Ms. Orlando, generally student loans aren't dischargeable when you file bankruptcy. Your loan (not sure whether you're dealing with a federal student loan or private student loan) likely went into default if you weren't making payments on the loan. Your lender should have been in contact with you once your loan went into the repayment period so you could begin making payments. . You'll need to find out where your loan stands now with the lender and work with them to arrange payments. If you're dealing with a federal student loan you may be able to rehabilitate your loan to get it out of a default status. But you'll still be responsible for the total amount you borrowed, plus interest.

Mike, when you took out the loan you agreed to pay the money back, plus interest, so you can't just pay the principal amount. The interest is the cost of borrowing and the promissory note that you signed detailed the full terms of your loan including interest accrual and the variable interest rate. . If you're looking for options to payoff the loan a little faster, you may want to pay a little more than is required each month. That will reduce the total amount of interest you pay over the life of your loan.

Susan, if your son has a private student loan the interest rate is based on the credit guidelines of the lender. Does he have a cosigner on his loan? A cosigner with excellent credit may help him qualify for better terms. Because you can't refinance student loans in the traditional sense, your son may be able to get a new loan with potentially better terms by consolidating his private student loan. Essentially this is taking out a new loan, which pays off the old one.

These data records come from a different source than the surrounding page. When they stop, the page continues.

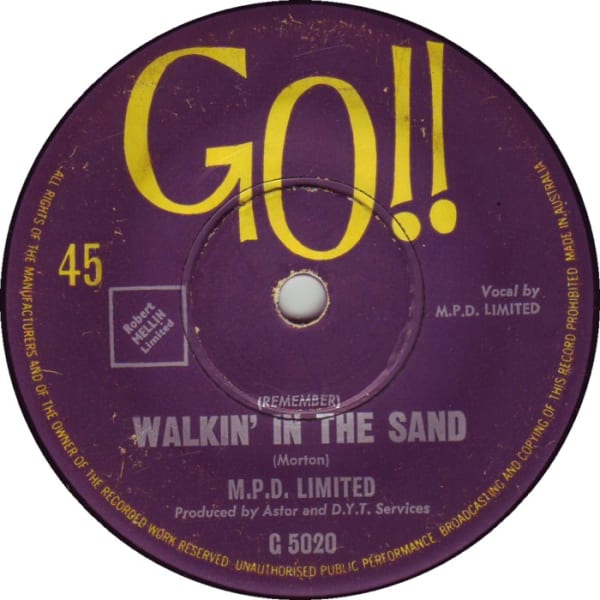 (Remember) Walkin' In The Sand B/W If You Were Mine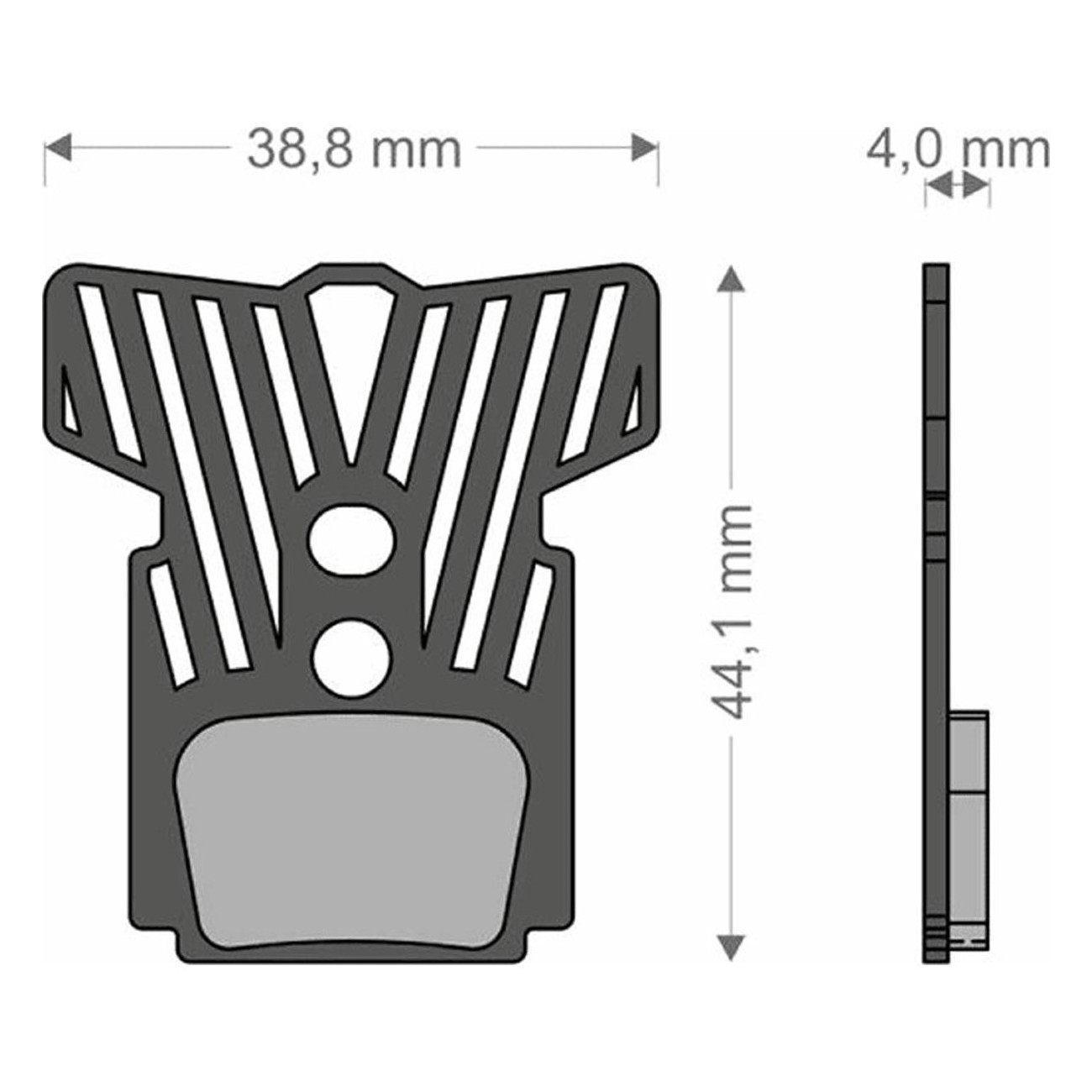 Lightech Brake Pads for T1, R1, Mega, RX and Cura Formula Systems - 1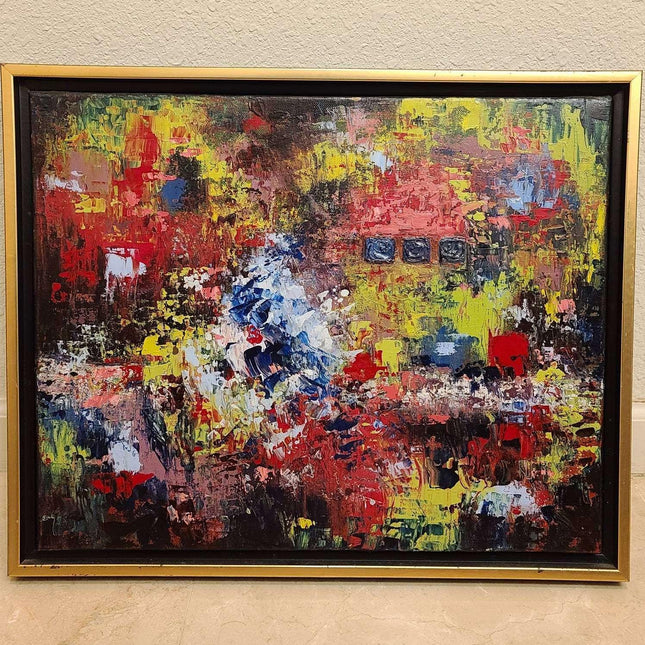 Leanne Venier Austin Texas Abstract Artist Oil on Canvas "Possession In great Me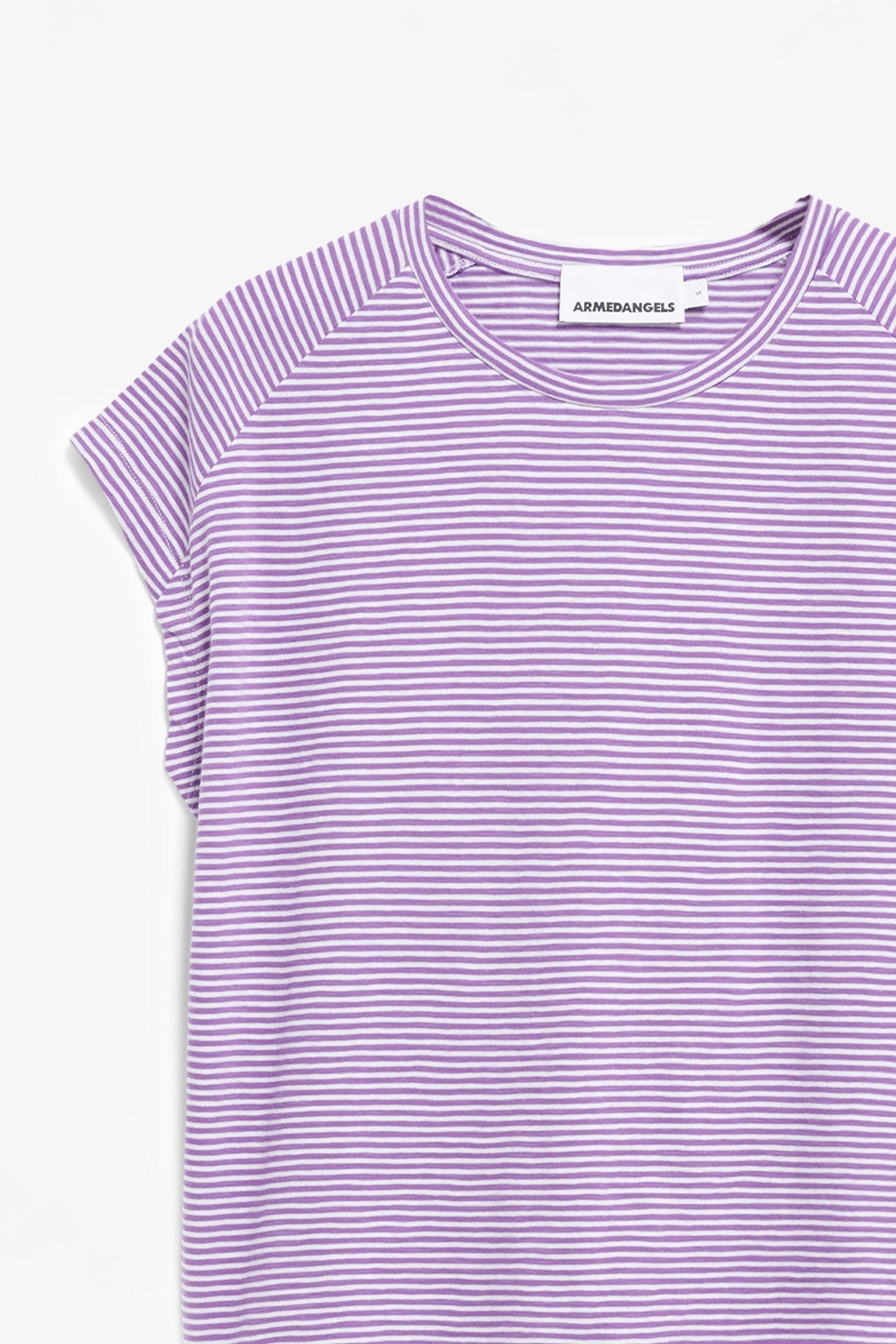 ARMEDANGELS - Oneliaa Lovely Stripes - Orchid Oatmilk - BACKYARD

I currently have a large amount of private student loan debt at a variable rate (3mo Libor + %). Accordingly, my current rate is around 4.5%. I am paying double and triple each month but was wondering if it is possible to refinance the debt at a fixed rate of interest. I would be willing to refinance for a fixed rate somewhere in the neighborhood of 6%. Does anyone provide this service?

do you have cost of living loans

Tim -- When it comes to private student loans, since you can't refinance in the traditional sense, your option to get different terms is to consolidate through a private consolidation loan (essentially paying off the old loans with a new loan with new terms). Most lenders (including Wells Fargo) offer these with a variable interest rate.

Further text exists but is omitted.